Managers should "think seriously" before getting romantically or sexually involved with subordinates. Aside from problems that could arise if it turns sour, the relationship could lead to charges of favoritism by other employees.

He also suggested that excluding members of one sex in social functions could be viewed as hostile.

After discussing in detail a recently publicized sexual harassment case involving a San Francisco law firm, Rosales described procedural steps managers should take to eradicate sexual harassment. He suggested avoiding sexually oriented language, including jokes, and computer screen-savers that are suggestive.

The university has a right to seek removal of questionable material from an employee's office, Rosales said. In the competition between free speech and the institution's interest, Rosales said he would err on the side of guarding institutional interests.

Roster added that managers should not rip material from the wall of an employee's office, but instead treat the person as an adult and explain that the material is offensive to others. Managers or university lawyers also could say "don't be a damn fool" to a recalcitrant employee, Roster said.
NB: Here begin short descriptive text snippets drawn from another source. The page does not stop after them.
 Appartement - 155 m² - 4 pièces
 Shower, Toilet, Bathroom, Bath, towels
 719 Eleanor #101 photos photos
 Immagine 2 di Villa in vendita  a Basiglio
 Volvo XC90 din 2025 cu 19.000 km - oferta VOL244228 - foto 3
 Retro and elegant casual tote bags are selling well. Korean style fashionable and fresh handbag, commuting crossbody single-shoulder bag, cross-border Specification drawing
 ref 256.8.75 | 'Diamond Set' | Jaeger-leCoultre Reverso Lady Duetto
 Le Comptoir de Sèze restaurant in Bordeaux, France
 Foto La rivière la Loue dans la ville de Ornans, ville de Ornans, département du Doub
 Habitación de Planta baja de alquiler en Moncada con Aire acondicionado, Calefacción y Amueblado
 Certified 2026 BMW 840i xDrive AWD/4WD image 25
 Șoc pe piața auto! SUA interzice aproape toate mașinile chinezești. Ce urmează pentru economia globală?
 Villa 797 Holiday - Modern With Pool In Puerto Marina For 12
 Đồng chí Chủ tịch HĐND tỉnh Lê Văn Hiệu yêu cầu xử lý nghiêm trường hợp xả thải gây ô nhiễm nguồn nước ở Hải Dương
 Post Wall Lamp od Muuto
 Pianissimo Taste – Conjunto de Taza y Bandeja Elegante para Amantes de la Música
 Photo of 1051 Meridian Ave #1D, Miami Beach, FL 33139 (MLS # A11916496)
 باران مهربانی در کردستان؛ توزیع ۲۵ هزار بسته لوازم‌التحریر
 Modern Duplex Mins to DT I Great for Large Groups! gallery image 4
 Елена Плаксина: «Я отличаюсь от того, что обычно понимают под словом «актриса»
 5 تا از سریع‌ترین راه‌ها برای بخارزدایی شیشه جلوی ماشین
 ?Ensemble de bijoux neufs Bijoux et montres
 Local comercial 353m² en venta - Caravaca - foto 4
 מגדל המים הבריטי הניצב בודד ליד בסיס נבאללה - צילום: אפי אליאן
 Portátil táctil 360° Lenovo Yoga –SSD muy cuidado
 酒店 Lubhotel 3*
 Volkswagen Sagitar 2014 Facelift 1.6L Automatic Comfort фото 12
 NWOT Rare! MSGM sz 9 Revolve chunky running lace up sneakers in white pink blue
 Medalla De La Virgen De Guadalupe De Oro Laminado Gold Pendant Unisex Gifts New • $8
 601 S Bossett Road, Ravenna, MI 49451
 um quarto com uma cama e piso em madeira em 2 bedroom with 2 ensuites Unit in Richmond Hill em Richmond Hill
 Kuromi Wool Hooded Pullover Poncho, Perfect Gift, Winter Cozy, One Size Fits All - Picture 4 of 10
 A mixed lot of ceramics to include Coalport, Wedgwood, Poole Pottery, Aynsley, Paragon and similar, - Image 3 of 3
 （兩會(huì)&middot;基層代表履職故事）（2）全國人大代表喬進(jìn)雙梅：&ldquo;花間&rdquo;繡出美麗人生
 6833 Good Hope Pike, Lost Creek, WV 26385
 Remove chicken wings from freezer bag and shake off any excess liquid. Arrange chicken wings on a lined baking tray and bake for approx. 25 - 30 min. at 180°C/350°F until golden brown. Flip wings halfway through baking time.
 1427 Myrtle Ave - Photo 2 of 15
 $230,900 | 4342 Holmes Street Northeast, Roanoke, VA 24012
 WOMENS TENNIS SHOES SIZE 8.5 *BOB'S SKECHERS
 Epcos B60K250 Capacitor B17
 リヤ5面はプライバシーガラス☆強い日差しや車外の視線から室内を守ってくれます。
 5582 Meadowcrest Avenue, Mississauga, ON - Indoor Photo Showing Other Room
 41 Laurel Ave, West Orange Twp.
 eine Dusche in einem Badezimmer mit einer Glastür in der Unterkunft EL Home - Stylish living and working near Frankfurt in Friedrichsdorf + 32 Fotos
  • Indirect cost controversy - Deborah Zumwalt, a former staff attorney who is now with Pillsbury Madison & Sutro, described the history of the indirect cost controversy and explained its recent settlement. She said that the issue is not yet fully resolved because of the private qui tam lawsuit filed by Paul Biddle, former contract officer for the Office of Naval Research. Therefore, managers should not throw away documents relating to costs that date back to 1981, she said.

Zumwalt also talked about the Code of Conduct booklet distributed to faculty and staff. It says that managers are responsible for ensuring that they and their employees comply with all rules regarding indirect costs.